* [DATASET EXTRACT]:
"""
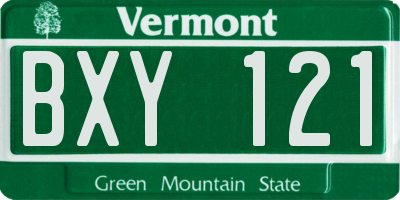 VT license plate BXY121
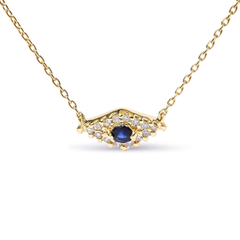 10k Gold Blue Sapphire and Diamond Evil Eye Pendant Necklace, 18"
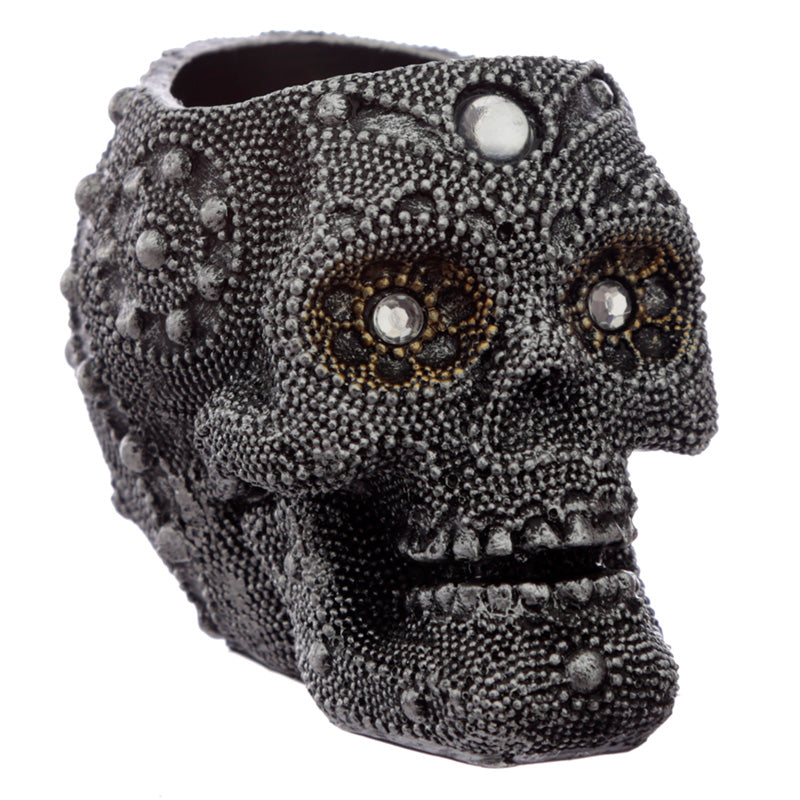 View Fantasy Beaded Skull Tea Light Candle Holder information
"""
* [EXERCISE INSTRUCTIONS]: Everything in the data must be printed verbatim except the pictures.

* [FINAL ANSWER]:
 VT license plate BXY121
 10k Gold Blue Sapphire and Diamond Evil Eye Pendant Necklace, 18"
 View Fantasy Beaded Skull Tea Light Candle Holder information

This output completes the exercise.